Platform Engineering for the uninitiated

Chiranjib · Friday at 9:04 AM

"Oh you do platform engineering, you mean CI/CD and pipelines?"

This was my friend's response when I told him that I'm a Lead Platform Engineer now! SMH. I don't really blame him though, off late I find myself struggling to answer crisply when people ask me what I do for a living. The easy answer of course is that I am a developer. I have a confession though - I've been in tech for a while, have worked on software development and delivery, but when I started work as a Platform Engineer, it made me feel as if I've been living under a rock!

I've come across quite a few people who think that DevOps (and even QA) is a luxury and not a necessity. Convincing them on the value proposition of having these bedrocks is an uphill battle, but that's not what this article is about. I'm flushing my thoughts in here, with just the intention of spreading awareness and maybe help a person or two if they've been contemplating about this line of work.

Put simply, a Platform Engineer creates a Platform, thereby offering Platform as a Service (PaaS). My first taste of this was about a decade ago, when Cloud technologies were still in the process of being adopted. My team was working on creating tooling for our Operations Team, who were not developers but were solely in charge of managing deployments. The software had a few flavours - Windows or Linux VMs, SQL Server or Oracle PL/SQL databases, multiple application server stacks based on services selected (containers were not yet a widespread thing) and any combination of these could go on AWS or Azure. The Operations team were going crazy trying to manage deployments and upgrades, and our job was to make their jobs easier.
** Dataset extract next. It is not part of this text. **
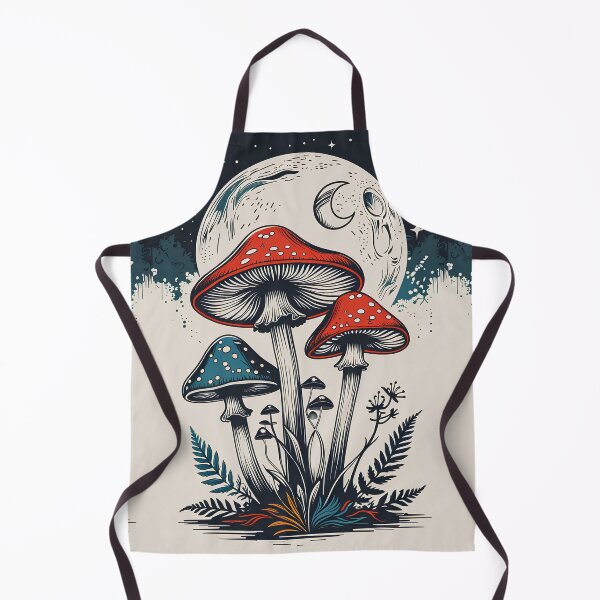 Item preview, Vintage Mystical Mushrooms Dark Academia designed and sold by ThreadSignalHQ.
We started developing bash and powershell scripts, but then quickly pivoted to developing a webapp instead that would help one deploy any combination of the aforementioned flavours - an Internal Operations Portal, if I may call it that.

At this point, I expect you to raise a concern - AWS and Azure provide PaaS themselves, why not use it as is?
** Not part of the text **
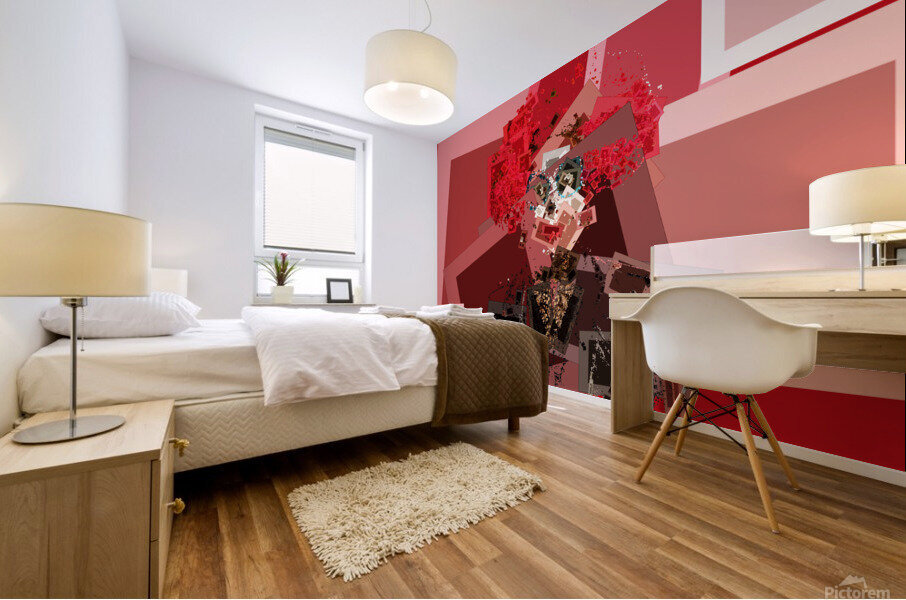 Abstract Model  Mural print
Well, you would have a valid point; but here's the thing - I've worked with a few programming languages, followed waterfall and agile methodologies, used subversion and git, even tried to understand Jira and came to the conclusion that the most complex of them all is - people! Teams in charge of an organization's infrastructure and processes are expected to put in the effort to create instructions, knowledge bases, playbooks, et al., but getting people to read and follow them has proven to be a Herculean task - and this is just the beginning of the answer to the why.

Over time, I've learned that YAGNI is not just a cool sounding word, KISS is not just an act of love, DRY is not just the opposite of wet, and SOLID is not just a state of matter. Every developer should ideally live by these, and master design patterns that facilitate these. As cloud technologies keep getting more complex and diverse, cross team functions start becoming hazy, and it gets increasingly difficult to achieve consistency and predictability in a software setup. Throw in security to the mix, and conversations quickly shift away from the application related code. This warranted a separation of concern between software development and software delivery.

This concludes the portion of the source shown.